(Collection entries)
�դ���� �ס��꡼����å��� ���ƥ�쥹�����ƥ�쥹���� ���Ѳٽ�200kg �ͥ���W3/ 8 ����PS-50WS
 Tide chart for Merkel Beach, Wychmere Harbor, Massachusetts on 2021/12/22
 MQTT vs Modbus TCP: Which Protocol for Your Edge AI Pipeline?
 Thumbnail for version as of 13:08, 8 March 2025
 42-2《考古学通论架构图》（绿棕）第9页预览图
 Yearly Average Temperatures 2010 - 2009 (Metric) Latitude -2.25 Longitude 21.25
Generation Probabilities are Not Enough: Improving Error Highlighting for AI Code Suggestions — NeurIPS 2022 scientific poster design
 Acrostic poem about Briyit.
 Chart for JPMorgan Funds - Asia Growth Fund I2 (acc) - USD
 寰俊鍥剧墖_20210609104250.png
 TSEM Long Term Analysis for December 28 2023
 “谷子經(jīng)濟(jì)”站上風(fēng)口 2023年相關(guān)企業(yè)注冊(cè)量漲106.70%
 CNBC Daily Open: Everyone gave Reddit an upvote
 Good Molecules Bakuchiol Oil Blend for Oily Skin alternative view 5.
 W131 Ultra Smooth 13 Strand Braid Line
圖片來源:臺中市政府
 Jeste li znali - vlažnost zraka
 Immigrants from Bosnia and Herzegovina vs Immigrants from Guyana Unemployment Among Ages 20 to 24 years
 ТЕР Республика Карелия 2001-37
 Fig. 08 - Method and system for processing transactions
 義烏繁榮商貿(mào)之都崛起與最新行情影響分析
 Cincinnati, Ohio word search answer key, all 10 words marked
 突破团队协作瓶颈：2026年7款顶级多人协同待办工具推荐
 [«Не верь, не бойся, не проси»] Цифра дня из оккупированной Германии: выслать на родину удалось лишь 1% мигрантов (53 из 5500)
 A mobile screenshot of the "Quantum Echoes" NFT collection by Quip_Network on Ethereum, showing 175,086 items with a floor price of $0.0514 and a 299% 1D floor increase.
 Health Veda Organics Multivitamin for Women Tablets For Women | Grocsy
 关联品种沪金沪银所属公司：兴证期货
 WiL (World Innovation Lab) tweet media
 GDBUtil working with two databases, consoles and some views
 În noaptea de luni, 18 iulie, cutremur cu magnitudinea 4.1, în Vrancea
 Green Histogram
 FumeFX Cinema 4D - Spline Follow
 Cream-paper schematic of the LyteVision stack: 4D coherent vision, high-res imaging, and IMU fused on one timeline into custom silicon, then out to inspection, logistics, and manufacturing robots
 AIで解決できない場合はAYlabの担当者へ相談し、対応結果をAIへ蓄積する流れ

> _PROMPT_
In full and without alteration, retype the entries above.

> _TASK ANSWER_
�դ���� �ס��꡼����å��� ���ƥ�쥹�����ƥ�쥹���� ���Ѳٽ�200kg �ͥ���W3/ 8 ����PS-50WS
 Tide chart for Merkel Beach, Wychmere Harbor, Massachusetts on 2021/12/22
 MQTT vs Modbus TCP: Which Protocol for Your Edge AI Pipeline?
 Thumbnail for version as of 13:08, 8 March 2025
 42-2《考古学通论架构图》（绿棕）第9页预览图
 Yearly Average Temperatures 2010 - 2009 (Metric) Latitude -2.25 Longitude 21.25
Generation Probabilities are Not Enough: Improving Error Highlighting for AI Code Suggestions — NeurIPS 2022 scientific poster design
 Acrostic poem about Briyit.
 Chart for JPMorgan Funds - Asia Growth Fund I2 (acc) - USD
 寰俊鍥剧墖_20210609104250.png
 TSEM Long Term Analysis for December 28 2023
 “谷子經(jīng)濟(jì)”站上風(fēng)口 2023年相關(guān)企業(yè)注冊(cè)量漲106.70%
 CNBC Daily Open: Everyone gave Reddit an upvote
 Good Molecules Bakuchiol Oil Blend for Oily Skin alternative view 5.
 W131 Ultra Smooth 13 Strand Braid Line
圖片來源:臺中市政府
 Jeste li znali - vlažnost zraka
 Immigrants from Bosnia and Herzegovina vs Immigrants from Guyana Unemployment Among Ages 20 to 24 years
 ТЕР Республика Карелия 2001-37
 Fig. 08 - Method and system for processing transactions
 義烏繁榮商貿(mào)之都崛起與最新行情影響分析
 Cincinnati, Ohio word search answer key, all 10 words marked
 突破团队协作瓶颈：2026年7款顶级多人协同待办工具推荐
 [«Не верь, не бойся, не проси»] Цифра дня из оккупированной Германии: выслать на родину удалось лишь 1% мигрантов (53 из 5500)
 A mobile screenshot of the "Quantum Echoes" NFT collection by Quip_Network on Ethereum, showing 175,086 items with a floor price of $0.0514 and a 299% 1D floor increase.
 Health Veda Organics Multivitamin for Women Tablets For Women | Grocsy
 关联品种沪金沪银所属公司：兴证期货
 WiL (World Innovation Lab) tweet media
 GDBUtil working with two databases, consoles and some views
 În noaptea de luni, 18 iulie, cutremur cu magnitudinea 4.1, în Vrancea
 Green Histogram
 FumeFX Cinema 4D - Spline Follow
 Cream-paper schematic of the LyteVision stack: 4D coherent vision, high-res imaging, and IMU fused on one timeline into custom silicon, then out to inspection, logistics, and manufacturing robots
 AIで解決できない場合はAYlabの担当者へ相談し、対応結果をAIへ蓄積する流れ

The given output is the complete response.